German folk music is entrenched in the country’s political history. Joseph Goebbels worked under the Nazi German government and was responsible for delivering propaganda, painting Hitler in a positive light. In 1933 he was appointed the director of the Reich Chamber of Culture, and heavy restrictions were enforced across all areas of creative arts. As a result many Jewish entertainers including musicians became unemployed. Goebbels stated “The radio is the most influential and important intermediary between a spiritual movement and the nation, between the idea and the people.” (NSDAP – 1938) In a controlled effort to encourage more Youth to join The Nazi movement, songs praising the German race were introduced instead.
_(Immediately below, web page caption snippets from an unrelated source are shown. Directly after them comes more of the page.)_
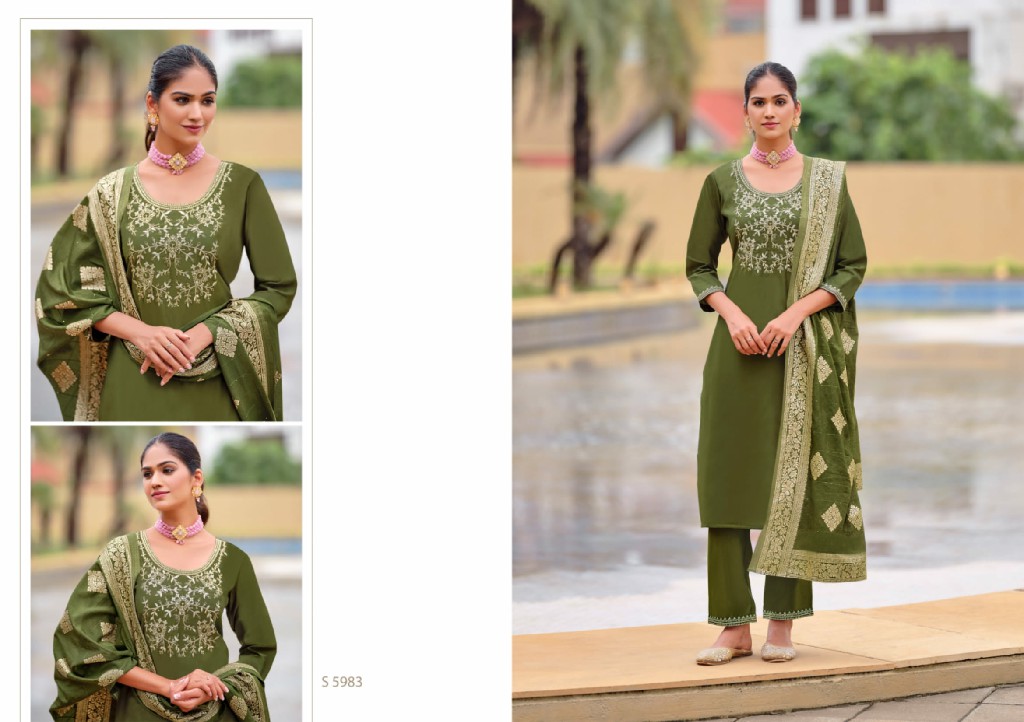 SBS By Subhash Poorva Wholesale Roman Silk Kurti With Pant And Dupatta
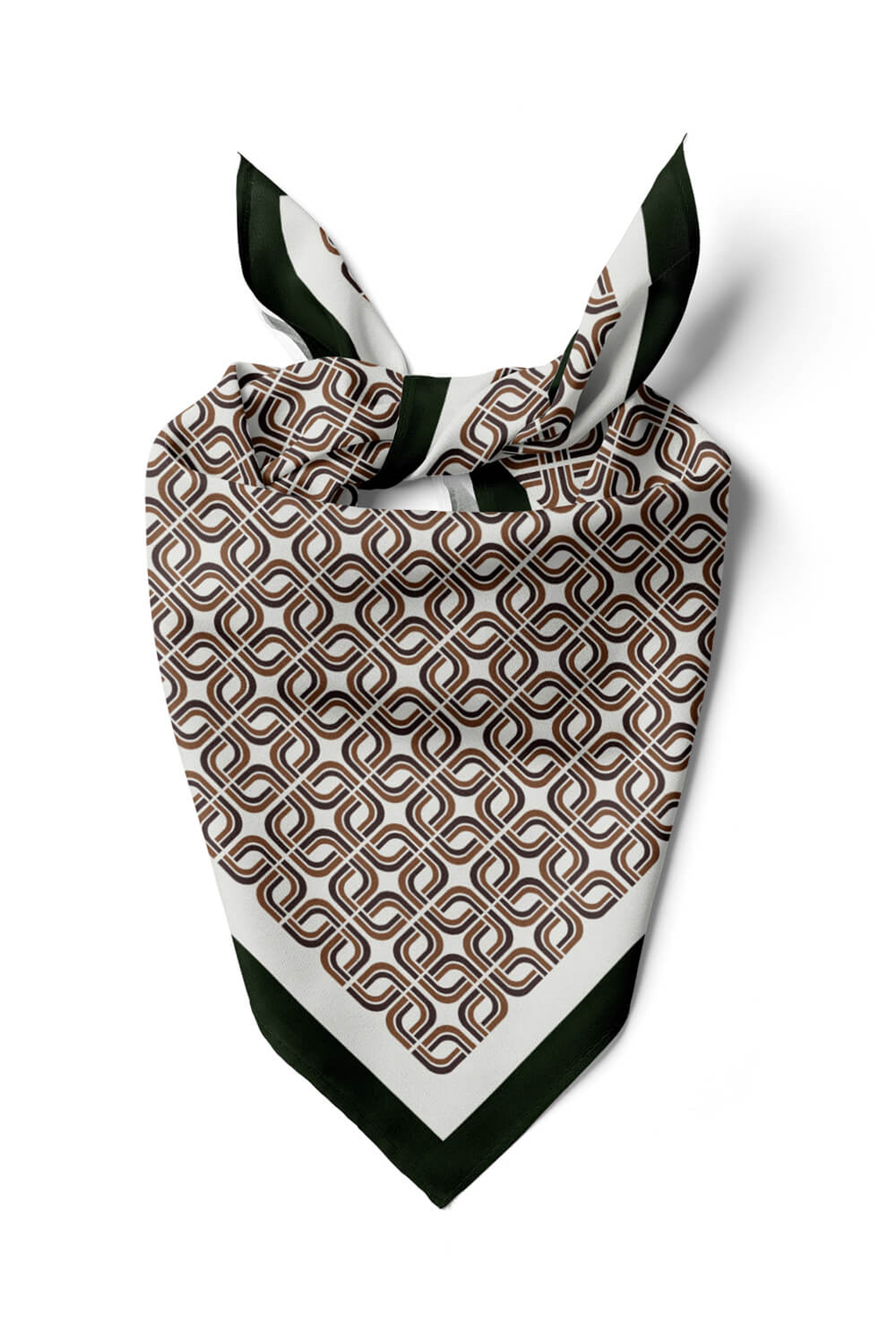 B32 Kadın Gri Geometrik Desenli 50x50 Bandana HYL DG01592-22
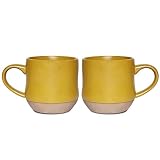 Bosmarlin Large Stoneware Speckled Coffee Mug Set of 2, Big Ceramic Tea Cup, 17 Oz, Dishwasher and Microwave Safe (Yellow, 2)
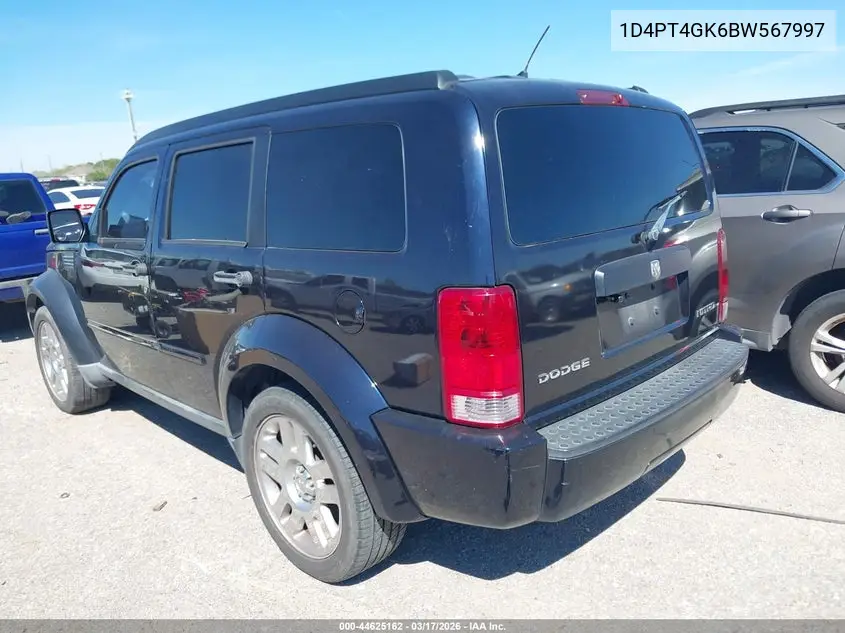 2011 Dodge Nitro Heat VIN: 1D4PT4GK6BW567997 Lot: 44625162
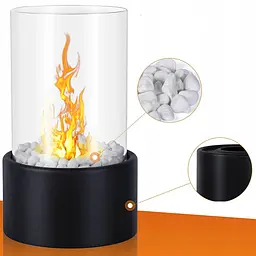Біокамін настільний Ethanol Lamp, декоративний камін на біоетанолі для дому та квартири, чорний - мініатюра 2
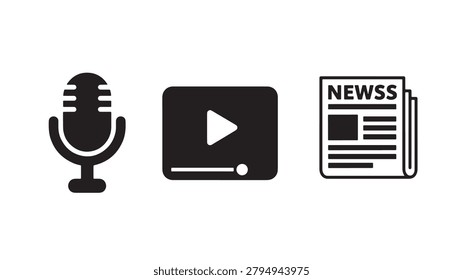 A simple vector illustration of three icons: a microphone, a play button, and a newspaper, arranged side by side on a plain white background, conveying a media and news theme.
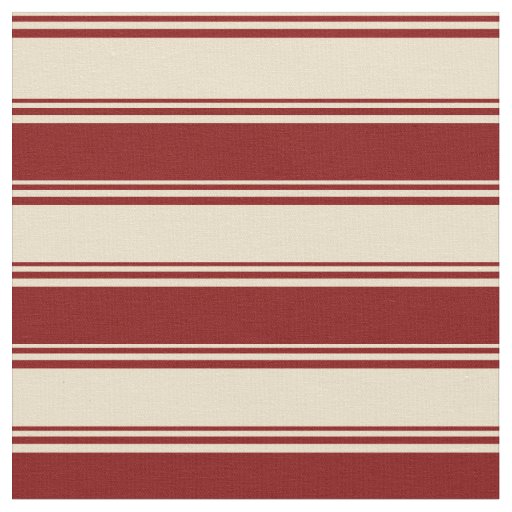 Tan & Maroon Lined/Striped Pattern Fabric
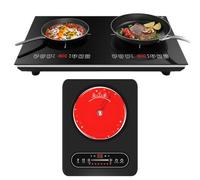 VBGK Plaque Electriq 1 Feux & Plaque Induction 2 Feu, 220-240V avec Capteur Tactile LCD, Verrouillage de Sécurité, Minuterie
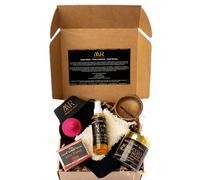 Moroccan Hammam Spa Set: Black Soap with Aker Fassi (Poppy Petal & Pomegranate Peel), Kessa Exfoliating Glove, 75ml Pure Argan Oil, Aker Fassi Brightening Soap Bar, Exfoliating Pouch & Aker Fassi Tint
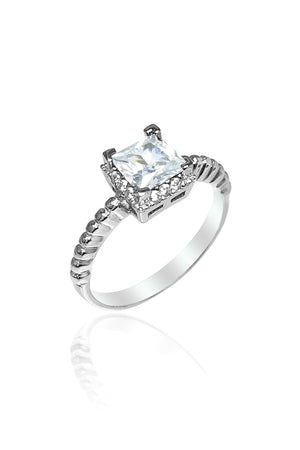 Elegant Baguette Silver Ring With Zircon (NG201017954)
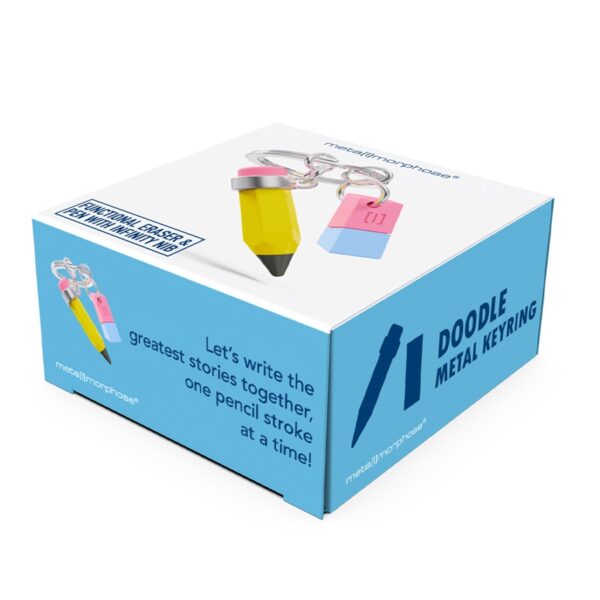 A embalagem vetorial protege o Porta-chaves Lápis Infinito e Borracha Metalmorphose através de um berço moldado. Por outro lado, o verso da caixa do Porta-chaves Lápis Infinito e Borracha Metalmorphose apresenta uma mensagem inspiradora dedicada a quem escreve histórias.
Traditional folk music known as “volkslieder” was taught to children at school. Different from the to the 19th century German folk music, these songs were more upbeat and happy. Following the student revolution in 1968, new songs reflecting political rebellion began to emerge. The folk scene flourished with more realistic songs rich in emotion. The instruments used in volksmusik date back hundreds of years and are unique and distinct to this genre of music. Accordions are often used, with the most common being the schwyzerogeli. Translating to “little organ”, different sounds are created by pushing of pulling the bellow. The right side has 31 buttons forming the treble, while the left side plays the base and has 18 chords. The steirisches harmonica is another type of accordion popular in volksmusik. While also having diatonic buttons, it produces more distinct bass notes. The zither is a five stringed instrument played upon a table top. The left hand controls the pitch while the right hand controls the strings on the fretboard. Another important string instrument in German folk music is the classical (nylon strings) or acoustic (steel strings) guitar. Often used to help carry the melody of the song, the distinct rhythm is created by using the palm of the hand to stop the bass, while continuing to play the chords.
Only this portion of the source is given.